Don’t underestimate your enemy.
“So, Mr. Tolevi. You’re Russian?” asked Jenkins.
“I’m an American, as you can see from my passport.”
“But you’re of Russian extraction.”
“And Ukrainian,” added Tolevi. “What’s your background?”
Hightower ignored the question. “Did you visit Russia?”
“Did you visit Russia?” asked Hightower.
“I told you my entire itinerary,” answered Tolevi, trying to puzzle out where they were going with their questions.
“A week in the Netherlands,” said Hightower. “Nice.”
“You’ve been?” Tolevi asked.
“Yes, as a matter of fact. I rode my bike there.”
Tolevi remained silent. She didn’t look like the bike-riding type, or a person who exercised fairly regularly at all.
“There are a lot of things to see in the Netherlands,” continued the female agent. “And places to go.”
“You smoke pot?” asked Jenkins.
“Do I look like someone who smokes pot?”
“What does that look like these days?” said Hightower. “I think just about everyone does.”
“I do not.”
Tolevi wondered if they were going to set him up—plant marijuana in his bag and hold him on a bogus charge. But wouldn’t they have done that at Customs?
Nothing about this was making sense. What exactly were they up to? And where the hell was Johansen?
Maybe behind the glass, gauging his responses.
Tolevi lowered his gaze, looking at his hands again.
“You didn’t take much clothes for a week’s stay,” said Hightower.
“You’re detaining me because I didn’t pack an extra pair of underwear?”
“Why did you stop at that ATM?” Jenkins’s voice was sharp; he was back to playing bad cop.
“Why does anyone stop at an ATM?” asked Tolevi.
“Tell me about that card,” said Jenkins.
“It’s a bank card.”
“What’s special about your card?”
“Nothing.”
“Would you mind if I had it analyzed?”
“Go ahead.”
“Thank you.”
There was a knock at the door.
“Come in,” said Hightower.
One of the agents poked his head inside the room.
“Mr. Jenkins, you’re wanted on the phone.”
Jenkins paused inside the observation room to watch Tolevi before picking up the phone. He was a cool one, unshakeable. But it figured that a mafya member would be like that. They had no conscience, which made it easy for them to lie.
Still staring at Tolevi through the two-way mirror, he picked up the handset. “Jenkins.”
“Agent Jenkins? This is Yuri Johansen. I’m with the Agency.”
“What agency?” asked Jenkins.
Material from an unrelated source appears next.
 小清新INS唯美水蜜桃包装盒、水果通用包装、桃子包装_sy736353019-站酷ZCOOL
He’d thought it was a call from one of his people back at the Watertown site.
“Central Intelligence Agency, Mr. Jenkins. I understand you’re questioning a Gabor Tolevi.”
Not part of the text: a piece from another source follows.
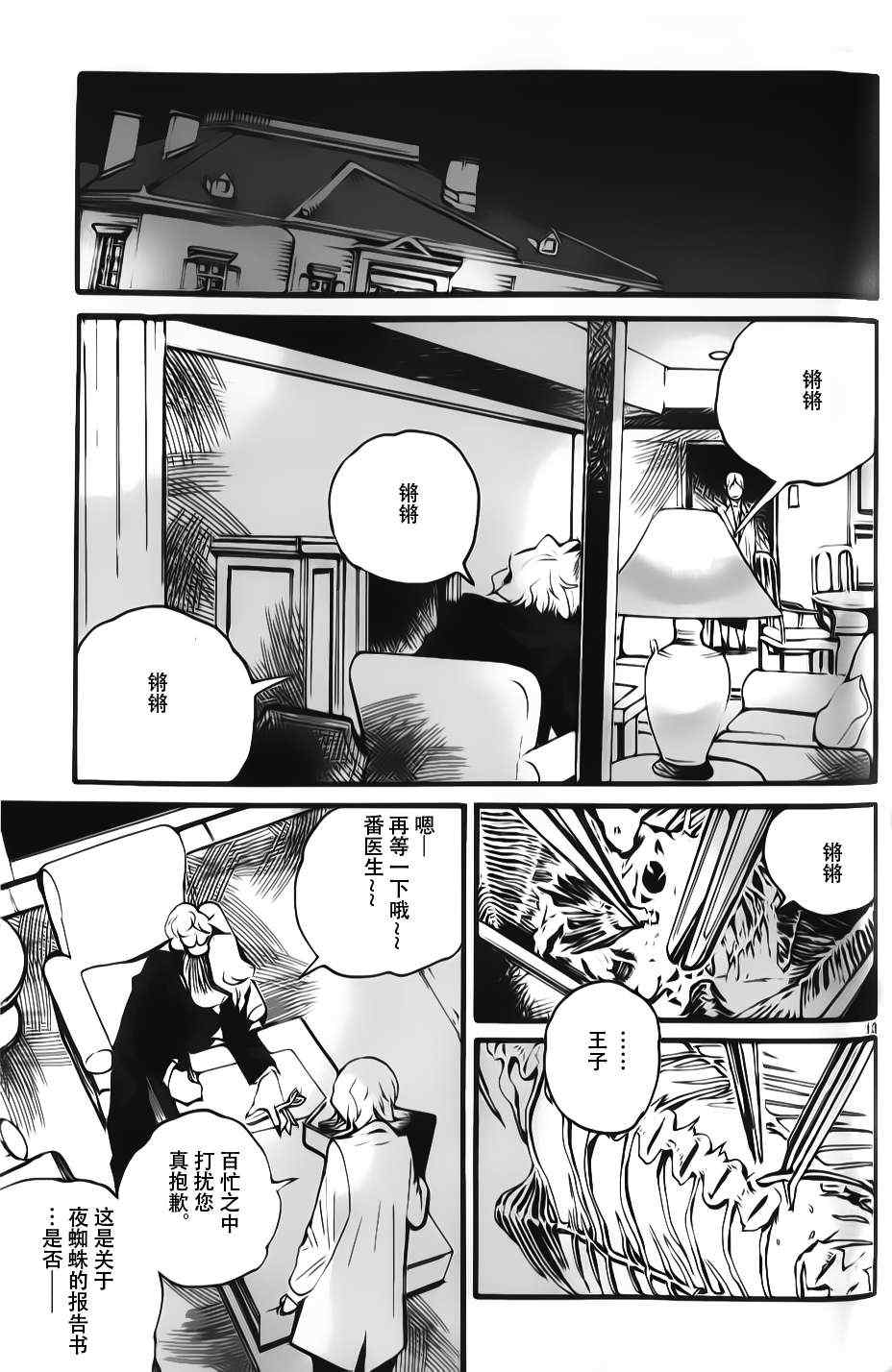 《夜蜘蛛》漫画 006集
“That’s right,” said Jenkins.
“What exactly has he done?”
Jenkins hesitated. Was this really a CIA agent on the line? He thought of tracing the call, but there was no one else in the room he could ask to initiate it. And the phone set didn’t include a caller ID screen.
“I’m not understanding why it would be your business,” said Jenkins.
“The Agency is very interested in everything Mr. Tolevi does,” said Johansen matter-of-factly. “So what has he done?”
“We’re—he’s part of an investigation.”
“I gathered that. Into what, exactly?”
Surely this must be a member of Tolevi’s mafya clan, posing as a spy to try and get him off. That was a good thing—he could get this asshole, too. Surely he’d be easier to break than Tolevi, who right now was staring blankly at the mirror.
“I’m not going to discuss this over the phone,” said Jenkins. “If you want to come down and talk about it in person, I’d be happy to share what I can.”
“I’m afraid it would be difficult for me to do that. I’m in Europe at the moment.”
“Well, I guess that’s that, then.” Jenkins hung up.